→ **DATASET EXTRACT**:
────────

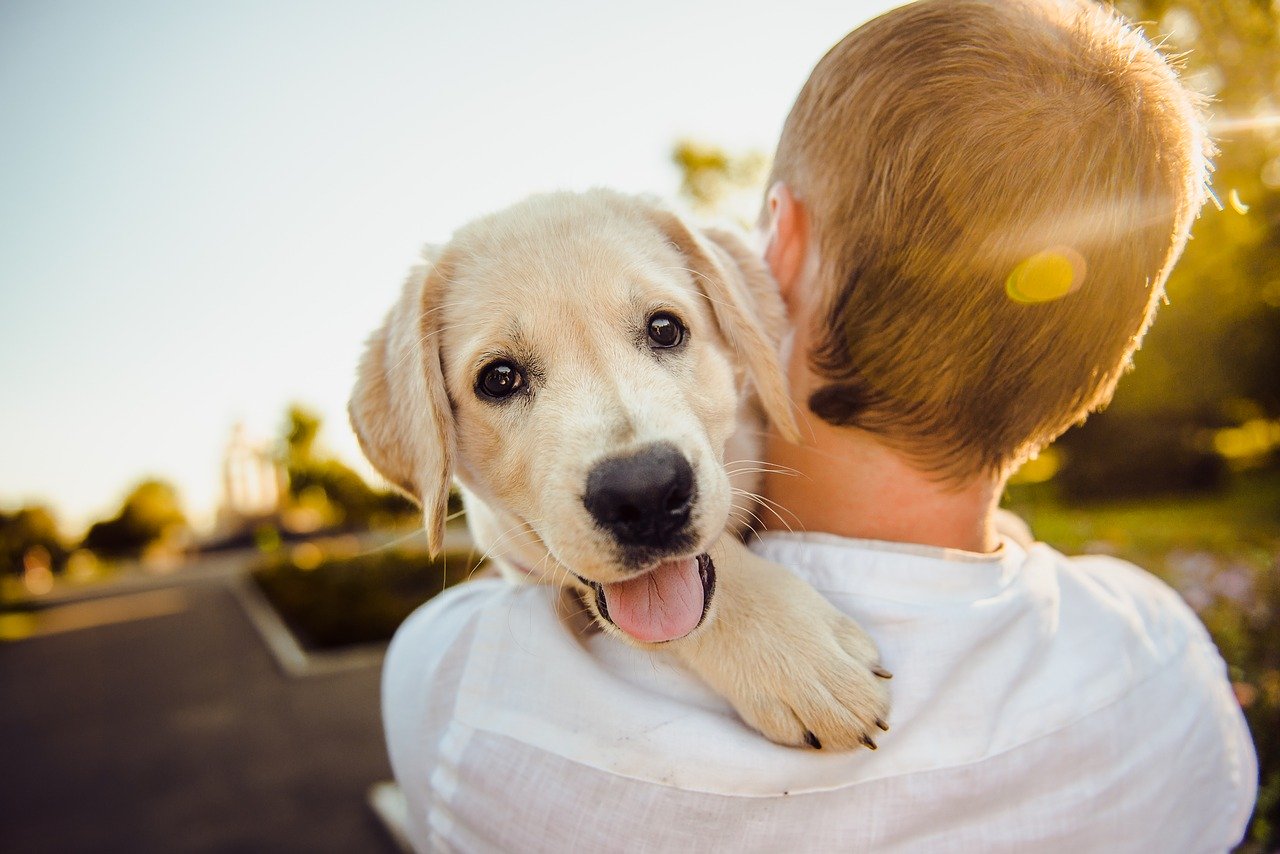 Peut-on se faire rembourser les frais de santé d&rsquo;un chien ?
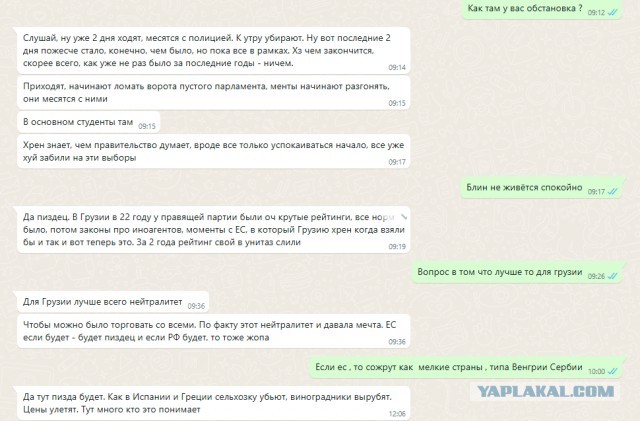 Случай на протестах в Грузии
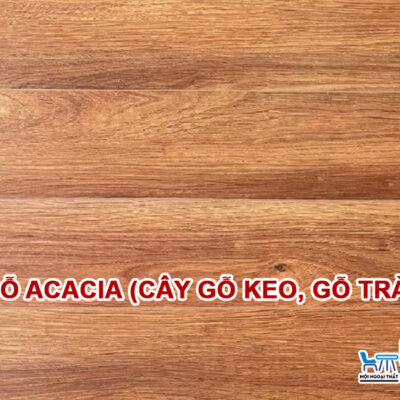 Gỗ Acacia (Cây gỗ keo, gỗ tràm)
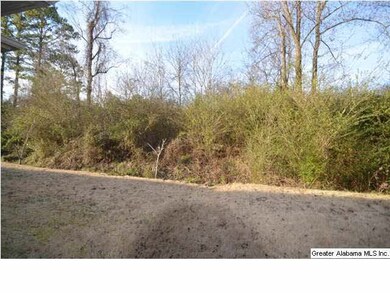 4220 Fieldstone Way, Brighton, AL 35215 - photo 3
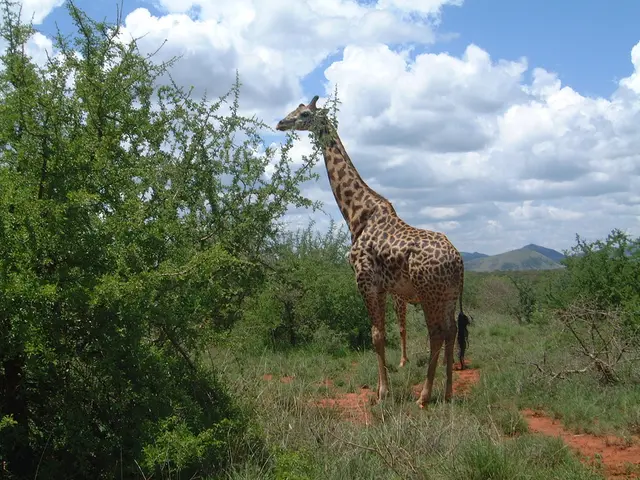 Despite some unexpected twists, a giraffe has mastered the skill of using an inhaler for its own...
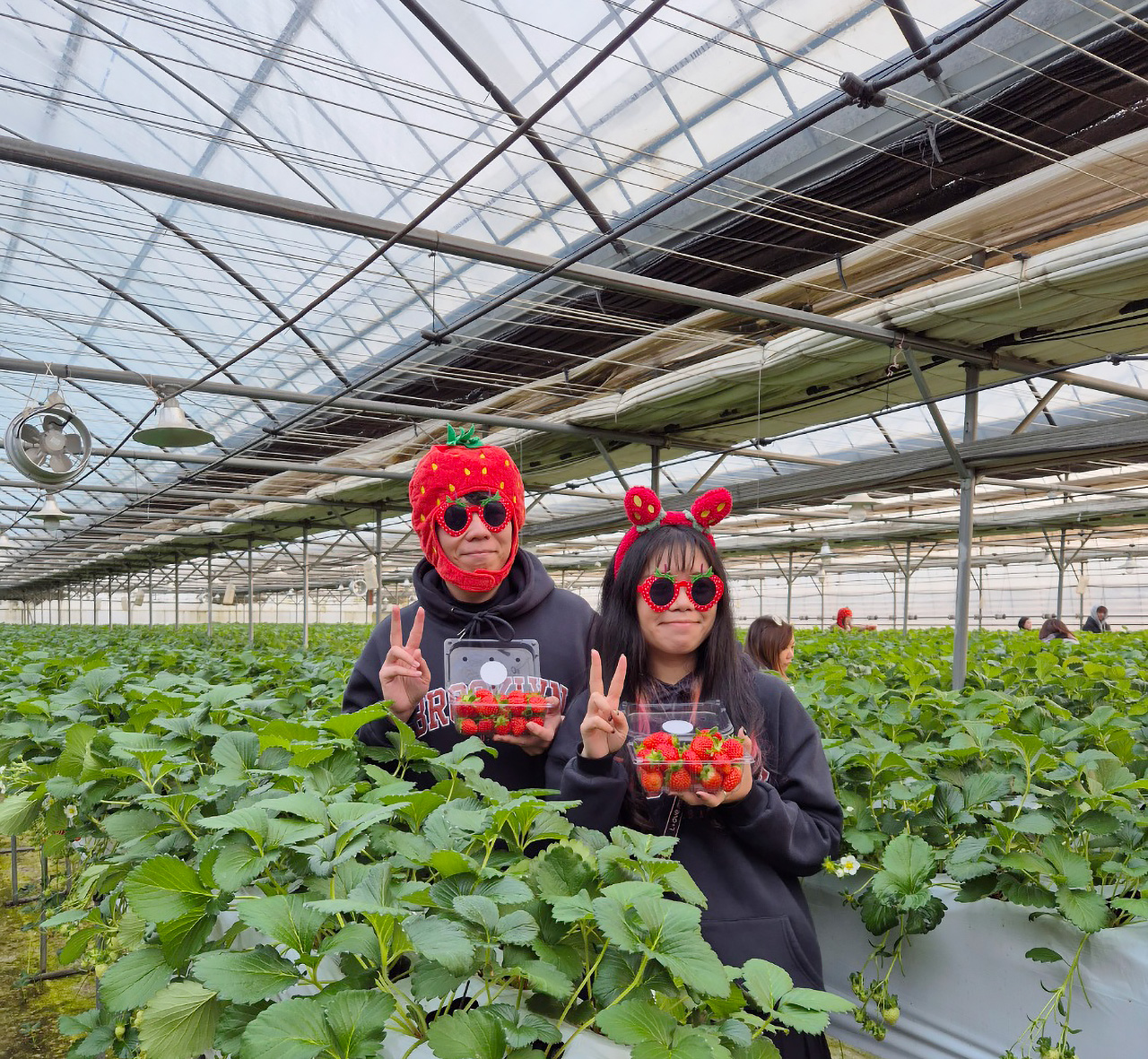 這是一次有趣的體驗，您可以品嚐到農場直送的新鮮！讓我們一起享受採摘草莓的樂趣吧❤️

────────

→ **YOUR INSTRUCTIONS**: Reproduce word for word the lines from the line holding "Despite some unexpected" through the last line of the material above, inclusive, and keep pictures out of it.

→ **EXPECTED ANSWER**:
 Despite some unexpected twists, a giraffe has mastered the skill of using an inhaler for its own...
 這是一次有趣的體驗，您可以品嚐到農場直送的新鮮！讓我們一起享受採摘草莓的樂趣吧❤️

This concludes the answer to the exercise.